Data below:
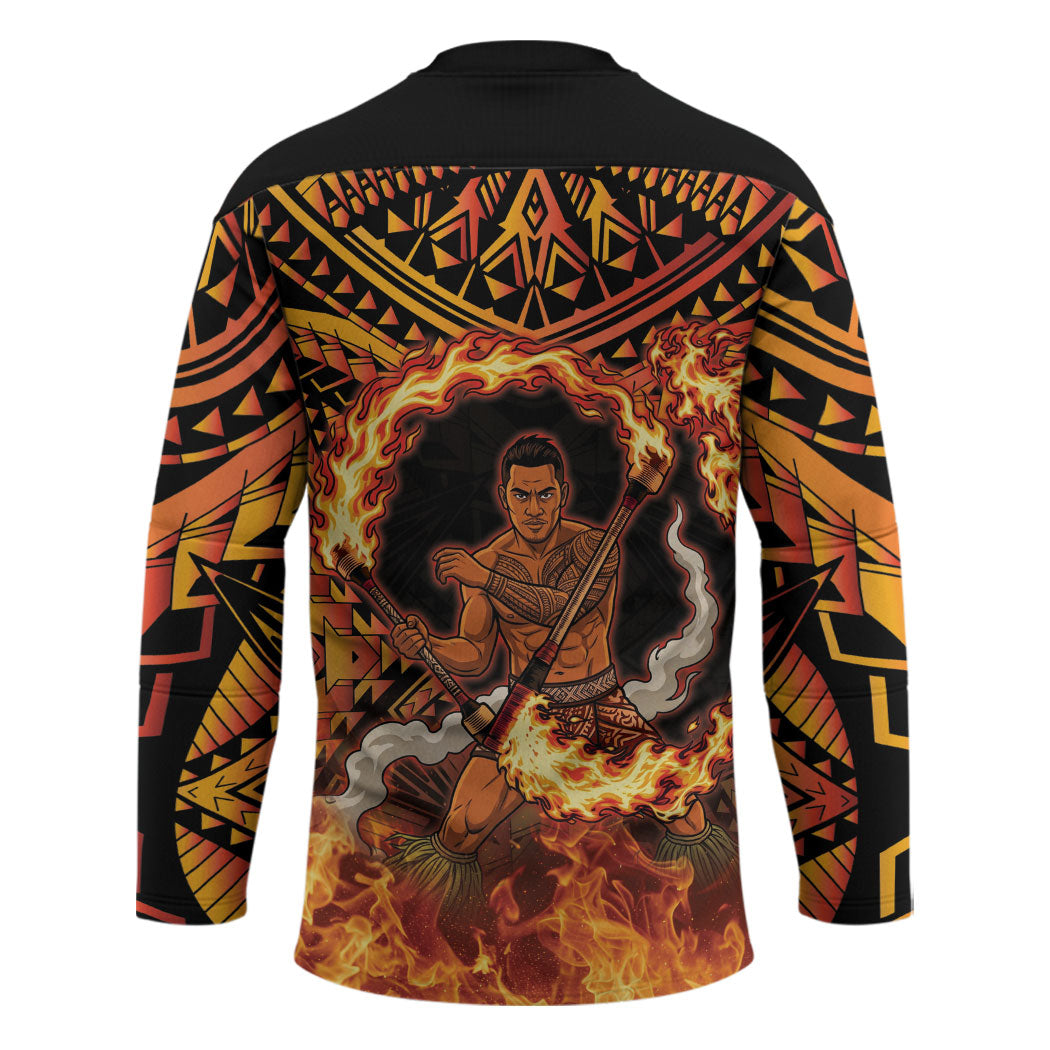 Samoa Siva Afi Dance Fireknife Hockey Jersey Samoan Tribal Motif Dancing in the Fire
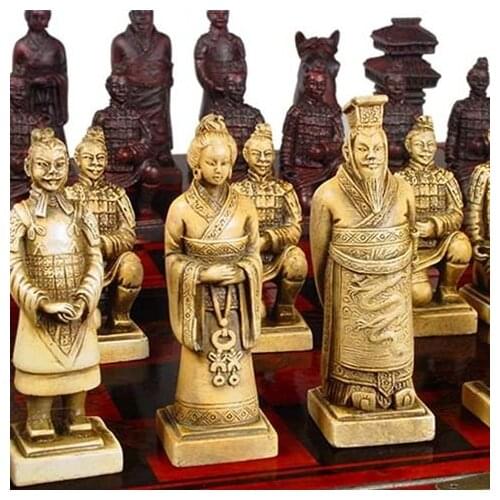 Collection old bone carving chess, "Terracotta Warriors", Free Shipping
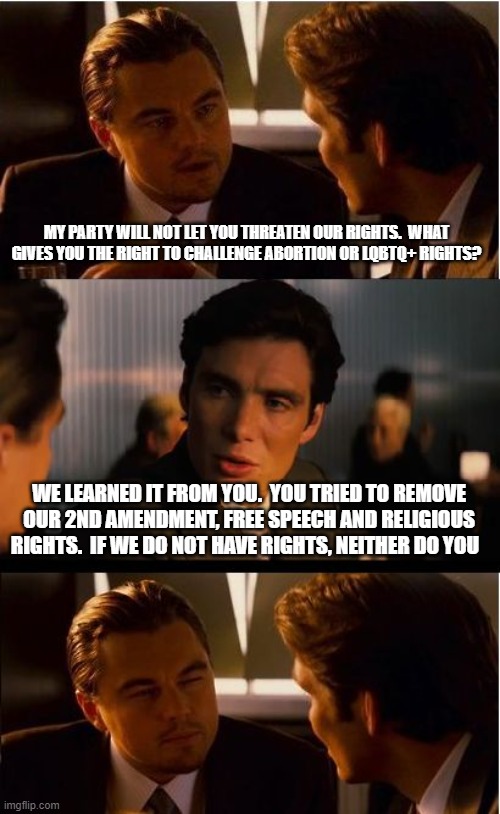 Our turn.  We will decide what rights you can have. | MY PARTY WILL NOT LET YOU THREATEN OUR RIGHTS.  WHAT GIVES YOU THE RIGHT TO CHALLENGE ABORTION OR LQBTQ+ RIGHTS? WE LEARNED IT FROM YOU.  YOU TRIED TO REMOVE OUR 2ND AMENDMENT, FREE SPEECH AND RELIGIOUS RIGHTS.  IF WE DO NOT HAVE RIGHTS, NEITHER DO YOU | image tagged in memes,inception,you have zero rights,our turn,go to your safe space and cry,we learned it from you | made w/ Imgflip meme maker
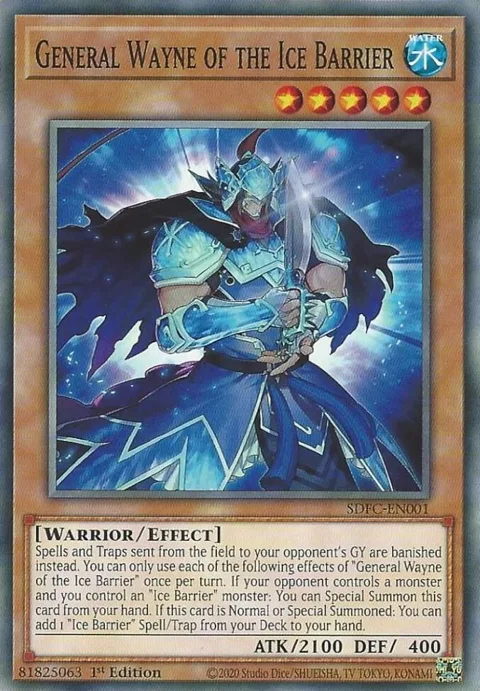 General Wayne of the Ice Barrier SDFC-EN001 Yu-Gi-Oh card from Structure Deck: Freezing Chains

What to produce: Repeat only the lines from the beginning of the material through the line containing "Collection old bone", both ends kept, leaving pictures out.

Result of this exercise:
 Samoa Siva Afi Dance Fireknife Hockey Jersey Samoan Tribal Motif Dancing in the Fire
 Collection old bone carving chess, "Terracotta Warriors", Free Shipping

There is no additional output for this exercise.